Les Holden, in his DH.61 Canberra, found Southern Cross on 12 April, threw some provisions to the crew, and passed her location to Fred Heath of West Australian Airways, who landed alongside.

Lester Joseph Brain of Qantas in Atlanta found Kookaburra and one body on 21 April. Anderson's body was found some small distance away on 29 April by a (mounted) ground party led by Lieut. Charles Eaton. They also found a diary whose last entry was 12 April. Eaton and his men Moran and Douglas buried the bodies, which were recovered by a six-wheeled Thornycroft motor truck in June.

Hitchcock's funeral was held in Perth and his remains buried at Karrakatta on 3 July 1929.

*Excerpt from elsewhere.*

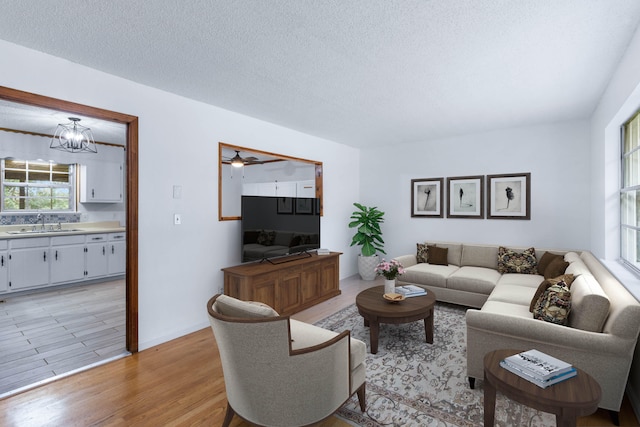 living room with a textured ceiling, sink, ceiling fan with notable chandelier, and light hardwood / wood-style flooring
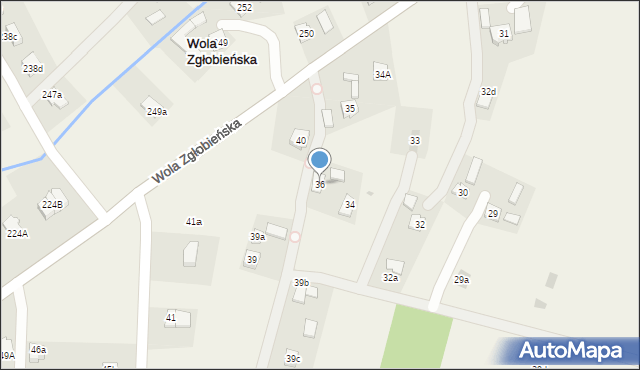 Wola Zgłobieńska, Wola Zgłobieńska, 36, mapa Wola Zgłobieńska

Anderson was accorded a full military funeral at Mosman, New South Wales on 6 July 1929. and was buried at St George's Heights, a site uniquely granted by the Council of the Municipality of Mosman.

=== Conspiracy? ===
A British magazine Aeroplane published an allegation that Anderson and Kingsford Smith had contrived the Southern Cross disappearance as a "stunt" or to give Anderson heroic status. "Support" for these contentions was the disappearance of the Southern Cross 's stash of food rations, and the financial assistance Kingsford Smith gave Anderson to buy the plane Kookaburra. He had also dropped at the Drysdale Mission misleading information as to his intended course.
Willian Angus Todd, for a time their navigator, attested that back in the days of financial stringency, he had heard Ulm suggest that if they should get lost in the Australian outback, they would have no lack of public support. Dudley Walsh, of the Neptune Oil Company had heard a similar proposal from Ulm. Jim Woods, one of the searching pilots, swore his searches had taken him close to "Coffee Royal", and would have investigated smoke if anyone had wanted to draw his attention.

At a Commonwealth enquiry, Kingsford Smith vehemently denied any collusion or staging the event to gain attention, and the board of enquiry agreed.

== Recognition ==
Abe Shannon was prominent in calling for a memorial to Anderson and Hitchcock.
Such a memorial was unveiled at Rawson Park, Mosman on 27 July 1930. Anderson remains the only white man buried in Mosman.

In her will, Constance Anderson left to the Perth Museum her son's last diary and other relics, which they already had on loan.